L’Algérie a développé cette coordination à travers des décennies d’exercices militaires combinés, impliquant ses forces terrestres et aériennes dans des scénarios de guerre conventionnelle et asymétrique. Ses hélicoptères d’attaque travaillent en parfaite synergie avec les chars T-90SA, les véhicules BMP-2 et d’autres unités blindées, optimisant ainsi leur efficacité sur le champ de bataille.
L’Apache face au Mi-28NE et au Mi-24 modernisé : une comparaison technique détaillée
L’AH-64E Apache Guardian est un hélicoptère avancé, bénéficiant de technologies modernes, mais la version livrée au Maroc est dépourvue du radar Longbow AN/APG-78, ce qui réduit considérablement ses capacités de détection et d'engagement de cibles multiples.
Le AH-64E Apache marocain : un hélicoptère performant, mais incomplet
Le AH-64E est conçu pour des missions d’appui aérien rapproché, de reconnaissance armée et de destruction de blindés.
✅ Points forts :
- Équipé du système électro-optique M-TADS/PNVS, offrant une excellente vision nocturne et une acquisition de cible précise.
- Large gamme d’armements :
- Canon M230 de 30 mm avec 1 200 obus.
- Missiles Hellfire AGM-114 (portée de 8 à 11 km, guidage laser).
- Roquettes Hydra 70 de 70 mm.
- Bonne interopérabilité avec les forces terrestres et aériennes grâce aux systèmes de communication avancés.
❌ Limitations :
- Absence du radar Longbow, ce qui limite ses capacités de détection et d’engagement simultané contre plusieurs cibles.
- Moins blindé que ses concurrents russes, ce qui le rend plus vulnérable aux tirs sol-air.
- Nécessite un haut niveau de formation et une logistique de maintenance exigeante.
Le Mi-28NE "Night Hunter" : un hélicoptère lourdement armé et blindé
Le Mi-28NE, principal hélicoptère d’attaque algérien, est un redoutable adversaire.
✅ Points forts :
- Blindage renforcé, capable de résister à des tirs de calibre 23 mm.
- Canon automatique Shipunov 2A42 de 30 mm, plus puissant et à plus longue portée que le M230 de l’Apache.
- Missiles Ataka et Khrizantema, conçus pour percer jusqu’à 1 200 mm de blindage réactif.
- Radar N025E, permettant d’engager plusieurs cibles simultanément, un avantage sur l’Apache marocain.
- Sièges éjectables pour l’équipage.
❌ Limitations :
- Moins agile que l’Apache, notamment en combat urbain.
- Plus lourd, nécessitant des infrastructures de maintenance plus développées.
Conclusion : un rapport de force toujours en faveur de l’Algérie
L’argument selon lequel l’Apache donnerait un avantage stratégique au Maroc est largement exagéré.
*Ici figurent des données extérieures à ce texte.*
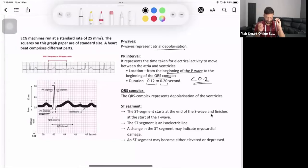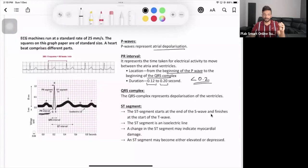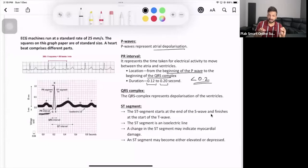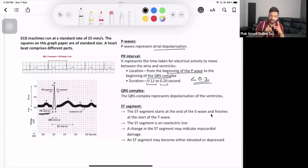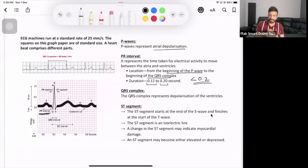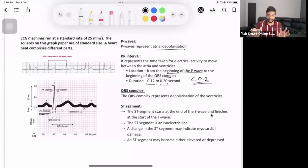The QRS complex represents ventricular contraction. The T wave represents ventricular repolarization — ventricular relaxation. A good question is: where is the wave for atrial relaxation? The atrial relaxation wave is not visible because it is hidden within the QRS complex itself. So: P wave = atrial contraction, QRS = ventricular contraction, T wave = ventricular relaxation.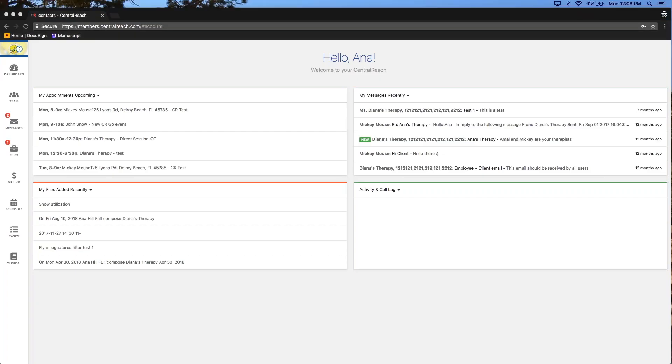When your clients are logged into their client portal, this is what their view is going to look like. You'll notice right away that the icons are over to the left side instead of across the top, the way they would be for your login. They have a nice dashboard where all the widgets are very large and easy for them to see, with quick access to all of the information they'll need.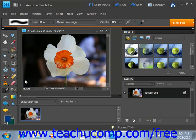The Impressionist brush tool is designed to simulate the brush strokes of a fine art painting. The Impressionist brush gives you the same options as the brush tool; however, under more options you can change style, area, and tolerance.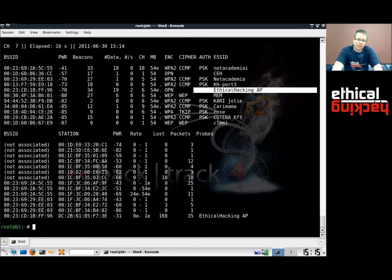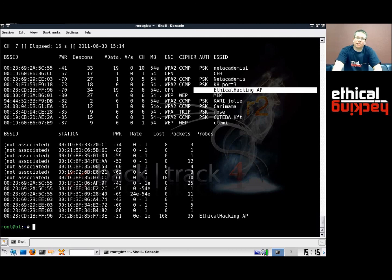This is because the standard defines that even an access point without any kind of encryption enabled should be able to use the SSID hiding feature. This means there is no way the SSID will be encrypted when using an access point with SSID hiding. I think that was a pretty short and self-explanatory demo.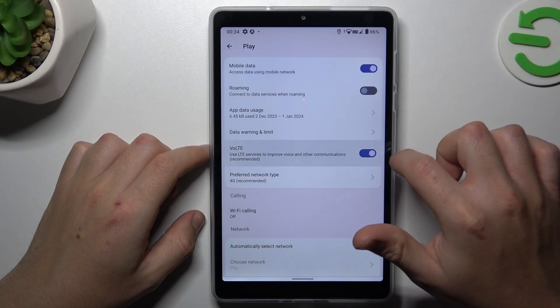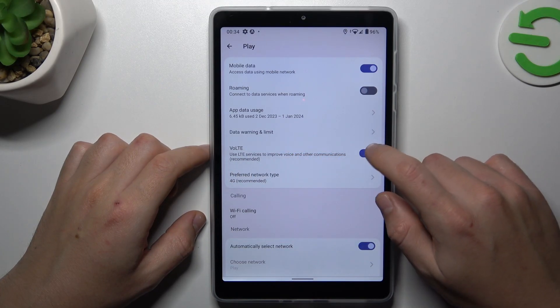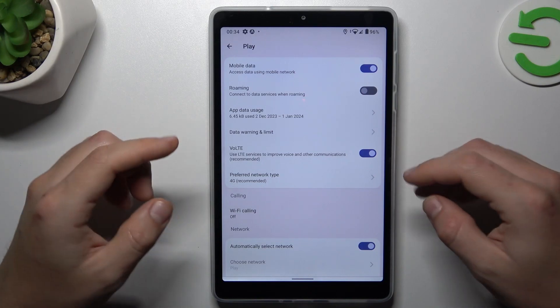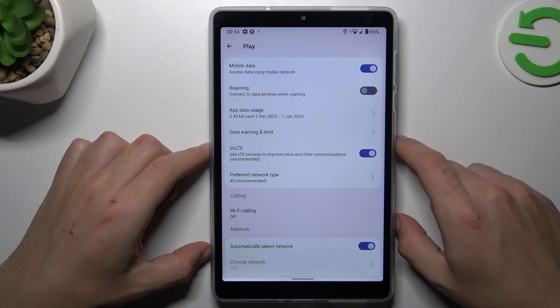You can manage this function by this little slider. Just switch it on or switch it off as you wish. If you want to improve quality of your calls, keep it activated.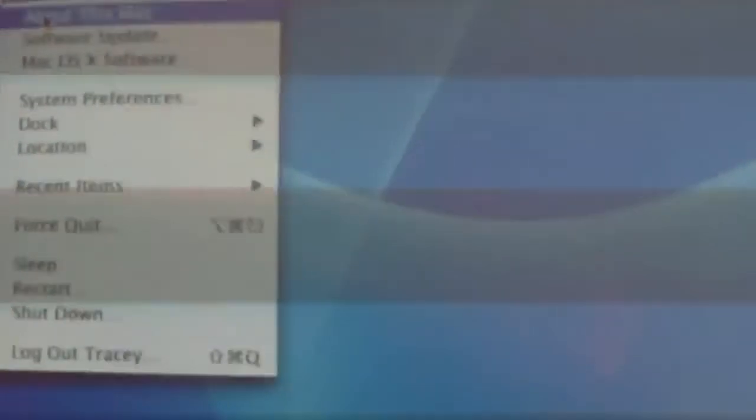Oh, it didn't ask me for disc three anyway. Looks like it's installed correctly. There we are, 10.3.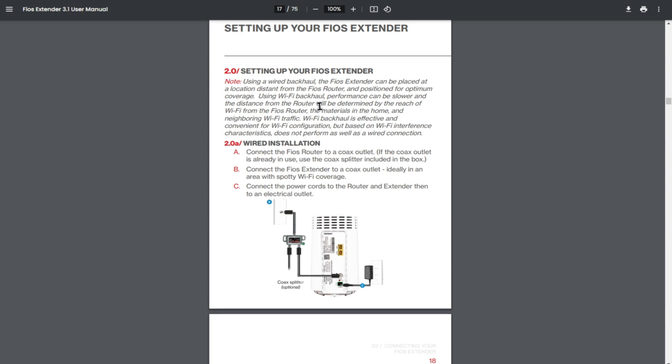Now note here, using a wired backhaul, the FIOS extender can be placed at a location distance from the FIOS router and positioned for optimum coverage. Using Wi-Fi backhaul, performance can be slower and the distance from the router will be determined by the reach of Wi-Fi for the FIOS router, the material in the home, and neighboring Wi-Fi traffic.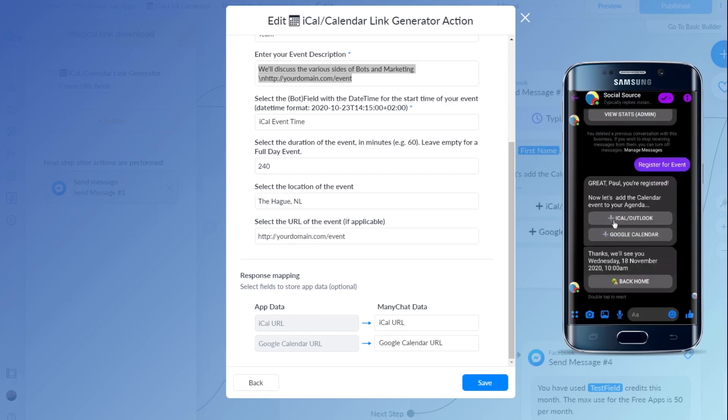I can also show you how it will look when I click iCal or Outlook. What this does is it will actually, at least in my Android phone, it will download the ICS file. And then I can click on that one, and it will install it in my other calendar. So I will show you what that looks like.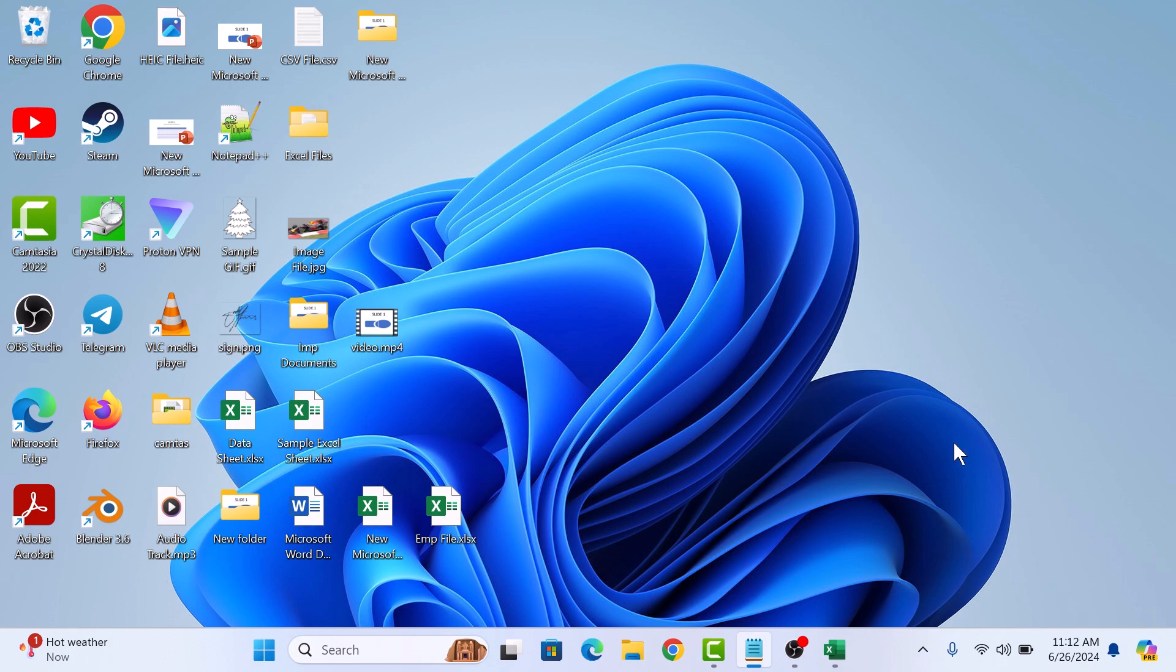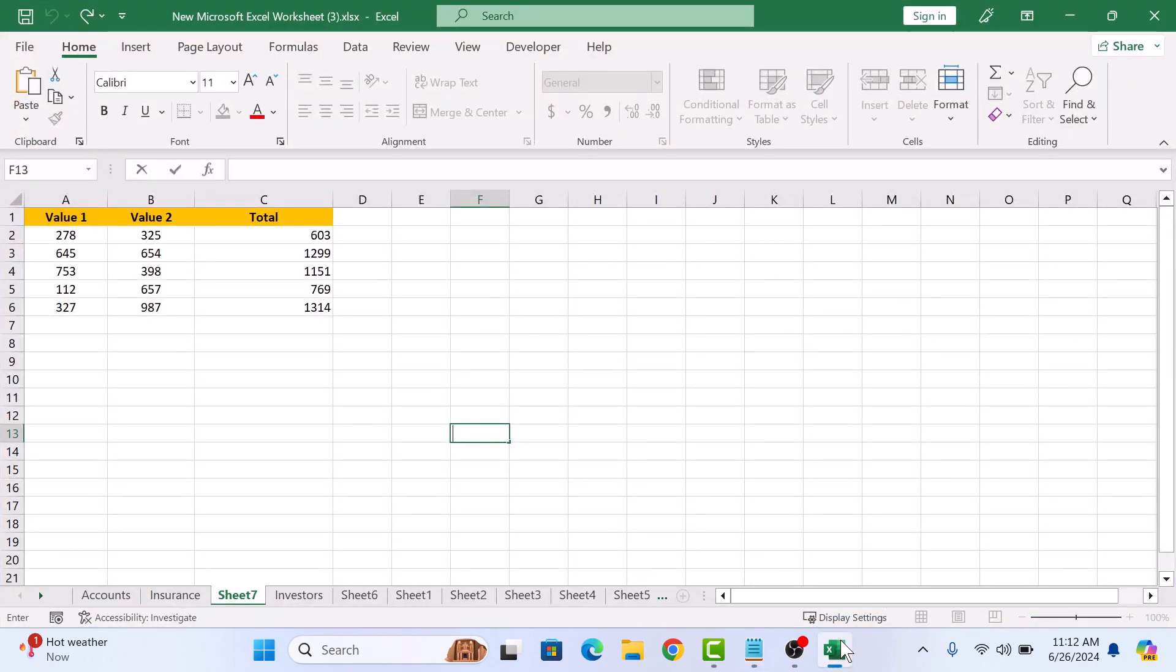So here we are in Microsoft Excel. I have got a simple spreadsheet here with some formulas that we want to hide.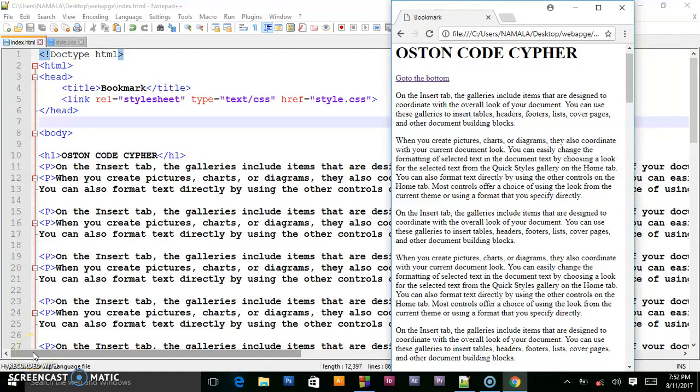Hello guys, welcome back to my channel, this is Austin Court Cipher back again with another video on web development. We're going to be looking at HTML links that enable us to create bookmarks. A bookmark on a webpage allows users to jump to specific parts of a webpage, which is mainly important for long web pages. This is something used even on big sites like Facebook and Twitter.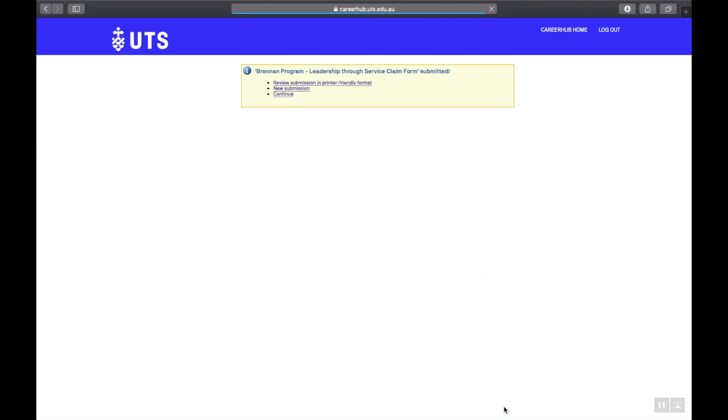And that's it. Told you it was easy, right? If you have any questions though, just shoot the Brennan team an email and they'll sort you out. They're very helpful. Their email is brennanprogramme at uts.edu.au Till next time.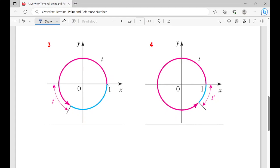If we start at (1, 0) and go all the way to quadrant three and stop there, the shortest distance back to the x-axis is again our reference number t prime. Likewise, if we go all the way around to quadrant four, that shortest distance is t prime. The same thing works if you go in a clockwise manner — the shortest distance is still the reference number.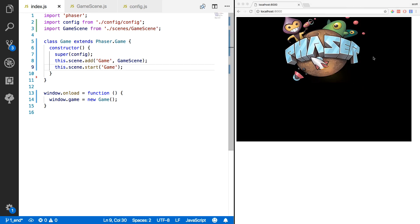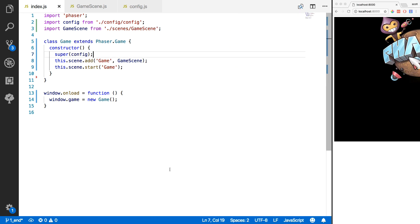After saving, you'll see the Phaser game reloads and the logo is now displaying properly. With our basic template working, that brings this video to an end. In our next video, we're going to add the assets we'll be using in the rest of the game, start creating the remaining scenes, and add the logic to connect all of those scenes together.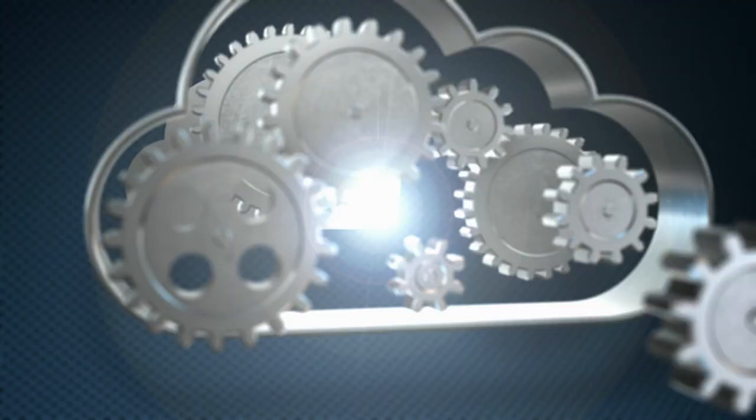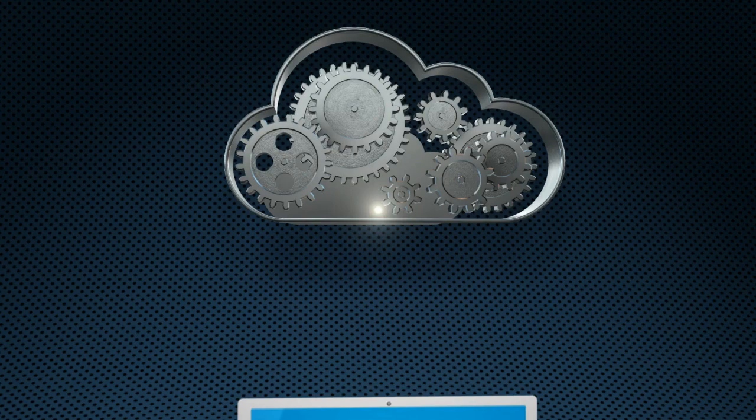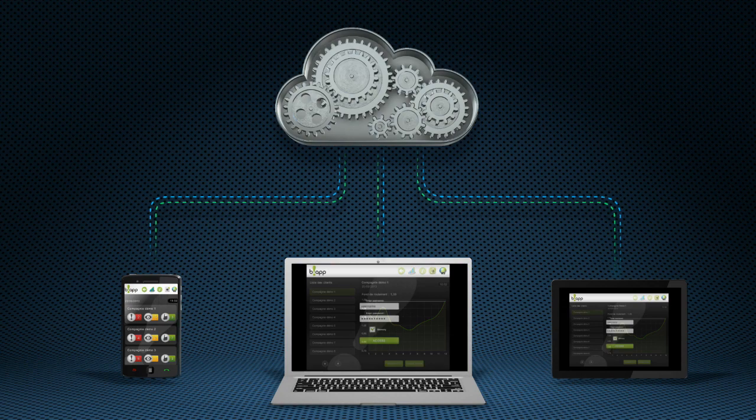Here's how By App works: your accountant installs the application and connects it with your financial system. Indicators are regularly updated on a secure cloud-based server, then everyone involved can access accurate information in real time, wherever they are, on their computer, smartphone, or tablet.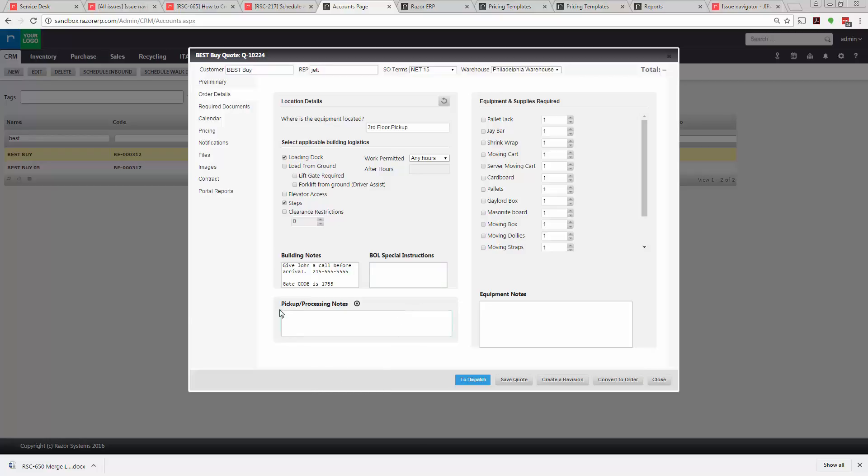Pickup processing notes - this is notes that will be relayed on the receive screen. So if you have special instructions you want your receiving department to see I would recommend filling in the pickup processing notes, potentially 'look out for high value equipment.'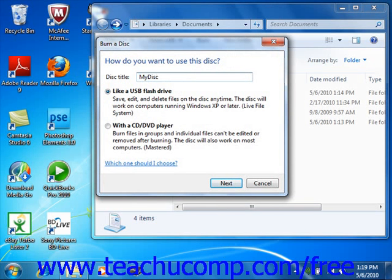If desired, you can then click the Show Formatting Options button in Windows Vista to select a format for the disk.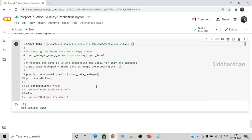We split our data into training and test data, trained our random forest classifier model, and found the accuracy of the model which is around 93%. Then we built a predictive system that can tell whether the quality of the wine is good or not. If you have any doubts, you can reach me on LinkedIn or join my Telegram group where I post regular updates. You can expect my videos on Monday and Wednesday evening and project videos on Friday evening. Thanks for watching.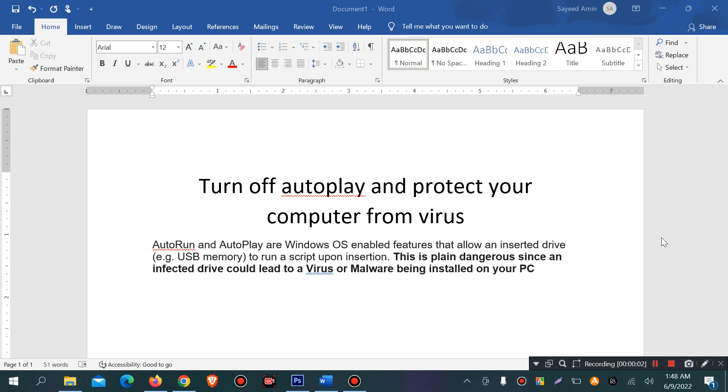Hello viewers, welcome to my new tutorial video. Today I will discuss about autoplay.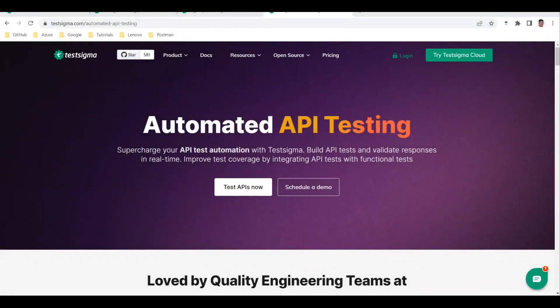Welcome to our channel. Today I'm going to discuss automating REST APIs using the TestSigma tool, which is a low-code or no-code automation tool. We already know TestSigma can be used for web automation and mobile automation. For REST API testing using TestSigma, you have to use the cloud version of the tool.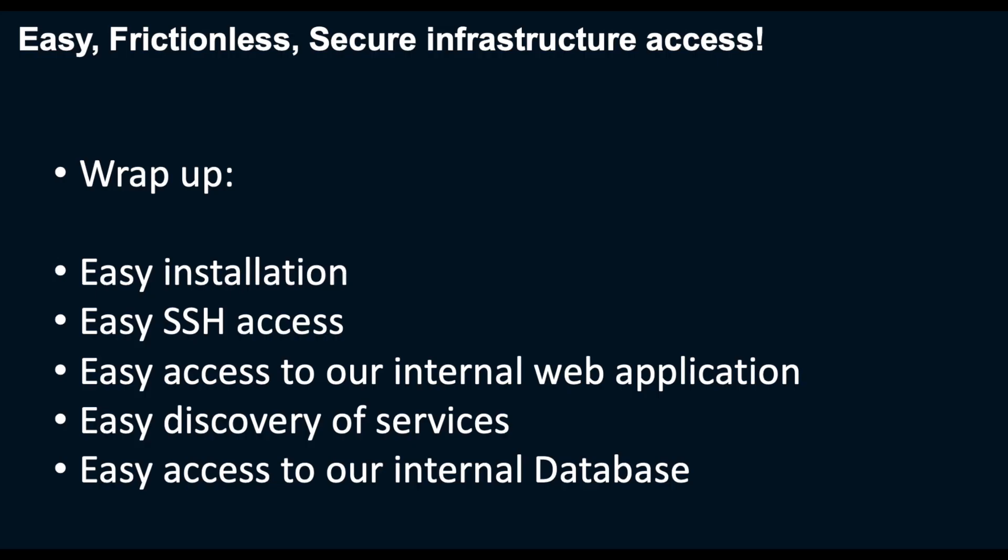To wrap up this demo, today we saw how easy it is to install the Border Zero Connector, how we immediately got an SSO-enabled SSH bastion host. We then made an internal web application available through the Border Zero Connector. Finally, we enabled one of the discovery plugins that discovered all of the internal network services, and we turned one of these services into a Border Zero-enabled database socket.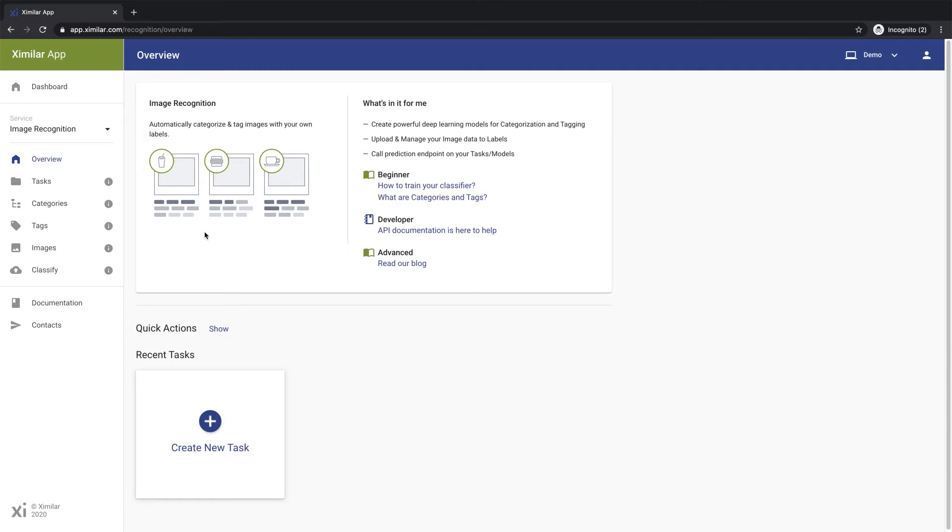Before you begin, you'll need a set of training images that the system will use to automatically organize future images.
En réalité :
En conclusion, si l’Apache est un bon ajout aux forces marocaines, il ne change pas l’équilibre stratégique face à une force aérienne algérienne bien plus aguerrie, mieux équipée et disposant d’une flotte beaucoup plus imposante. L'Algérie conserve un net avantage tactique et opérationnel en matière d’hélicoptères d’attaque.